◆ Information provided

○ ○ ○ ○ ○ ○ ○

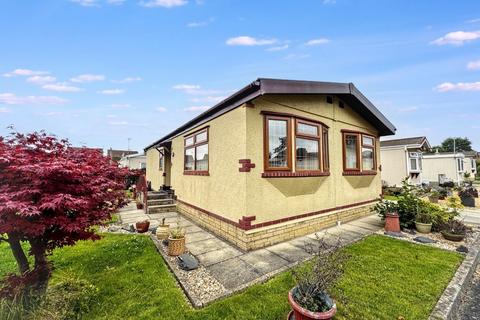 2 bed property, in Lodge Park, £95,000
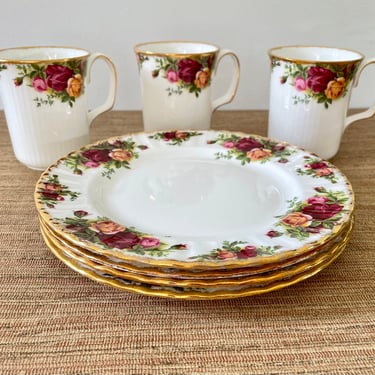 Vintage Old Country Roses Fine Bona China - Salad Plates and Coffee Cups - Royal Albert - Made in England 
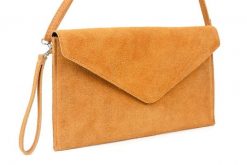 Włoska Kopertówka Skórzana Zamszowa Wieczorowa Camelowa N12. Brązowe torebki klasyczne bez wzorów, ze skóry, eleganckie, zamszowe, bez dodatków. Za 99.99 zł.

○ ○ ○ ○ ○ ○ ○

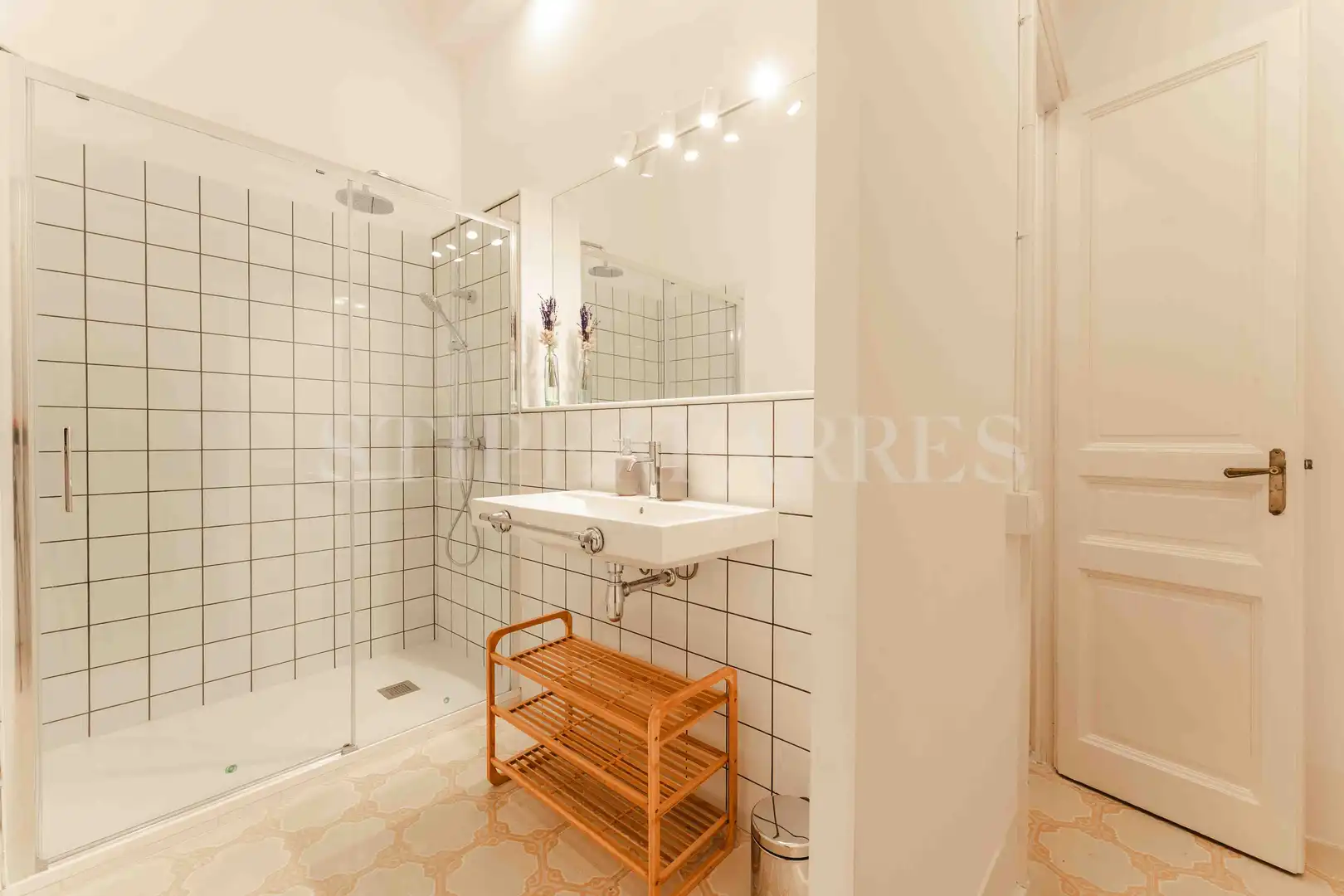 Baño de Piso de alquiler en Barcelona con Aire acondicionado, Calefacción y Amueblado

○ ○ ○ ○ ○ ○ ○

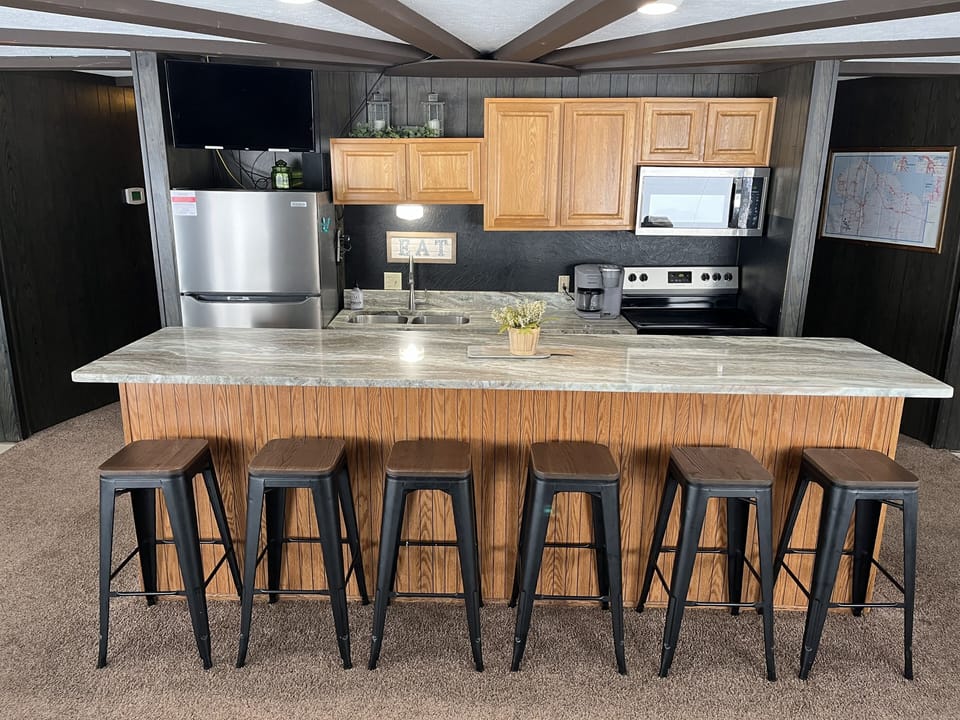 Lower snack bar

○ ○ ○ ○ ○ ○ ○

◆ Your instructions
Every line above from the one with "2 bed property, in Lodge Park, £95,000" down to the one with "Vintage Old Country" must be written out exactly, and no picture may appear.

◆ Result of the task
 2 bed property, in Lodge Park, £95,000
 Vintage Old Country Roses Fine Bona China - Salad Plates and Coffee Cups - Royal Albert - Made in England 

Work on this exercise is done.